Background: Nomophobia, the fear of being without a mobile phone, has become an increasing public health concern. While existing theories suggest that smartphones often serve as tools for emotional regulation, the situational mechanisms driving these compensatory behaviors remain under-explored. This study investigated how nomophobia levels interact with daily emotional fluctuations and busyness to influence smartphone-based coping patterns. Methods: We employed an intensive longitudinal approach combining objective smartphone tracking with a 4-week daily diary design. Thirty-seven participants were monitored, yielding 837 daily observations. Smartphone use was categorized into Instant Messaging (IM), Social Media Use (SMU), and Non-social Use (NSU). Multilevel linear regression analyzed the interaction effects on usage metrics.

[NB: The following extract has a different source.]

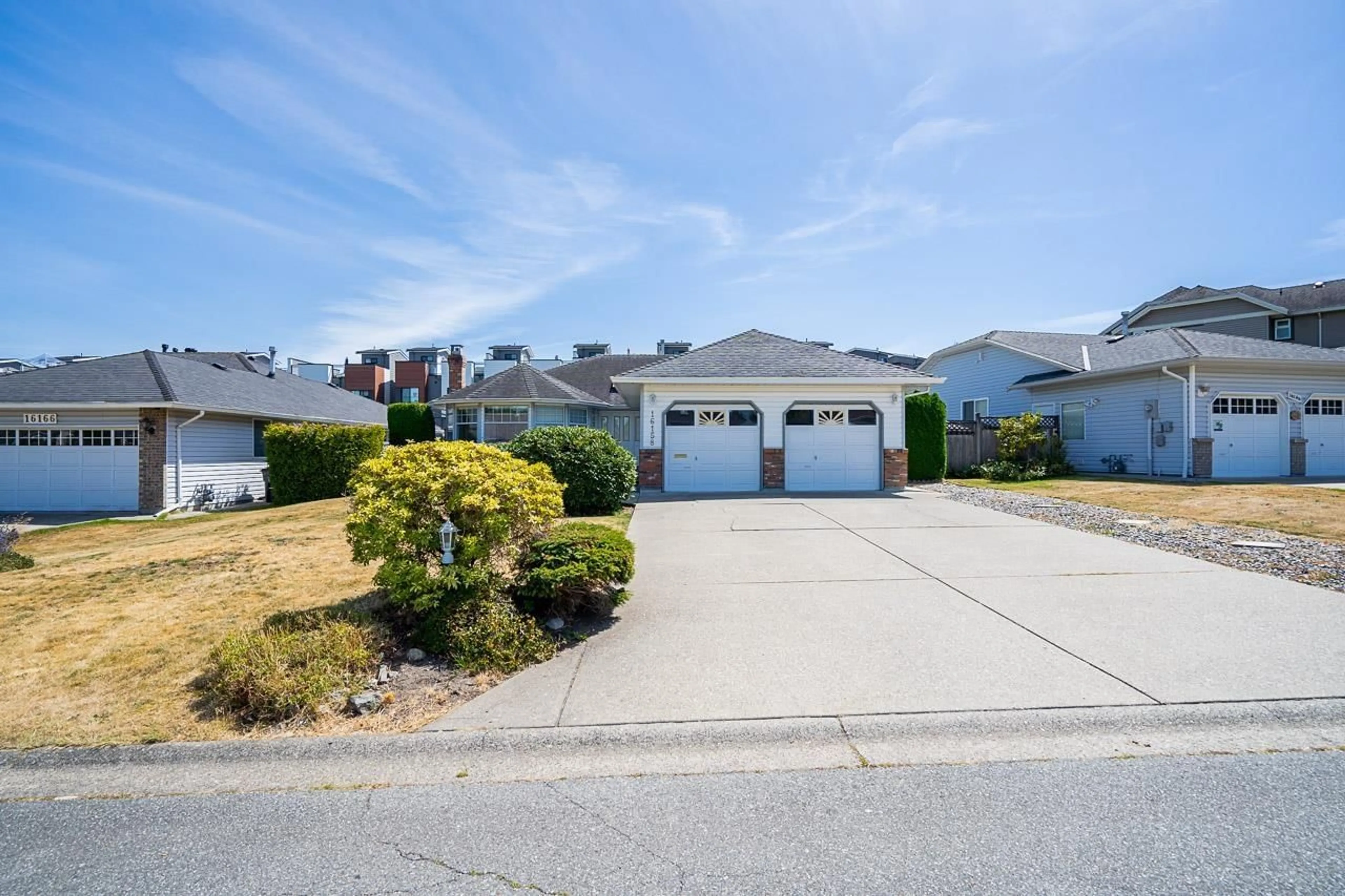 A pic from outside/outdoor area/front of a property/back of a property/a pic from drone, street for 16158 16A, Surrey British Columbia V4A9J9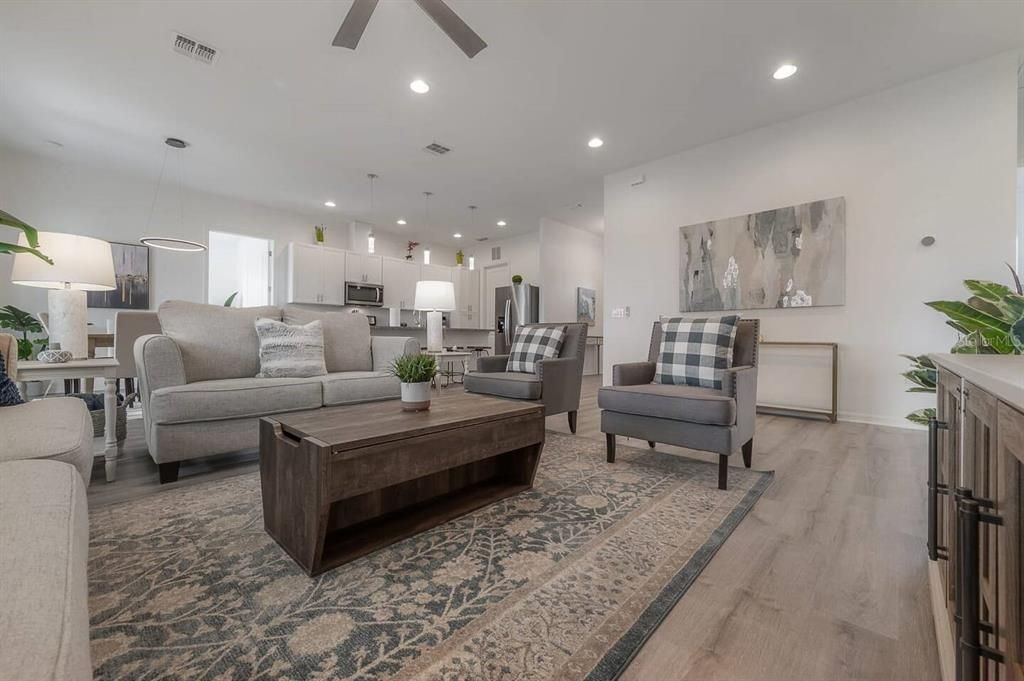 Living Area with Modern design with vaulted ceilings and open floorplan.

Results: Nomophobia significantly correlated with the duration and frequency of SMU, but not IM or NSU. A significant three-way interaction was observed: individuals with high levels of nomophobia exhibited a significantly increased frequency of overall usage, SMU and NSU when experiencing negative emotions during periods of low busyness. In contrast, low-nomophobia individuals maintained stable usage patterns regardless of situational stressors. Conclusions: By conceptualizing smartphone usage as a behavioral proxy for the coping process, this study provides preliminary evidence that nomophobia is associated with a situation-dependent coping pattern, primarily involving increased social media usage. These findings underscore the importance of integrating situational contexts and underlying coping processes to better understand and manage problematic smartphone use.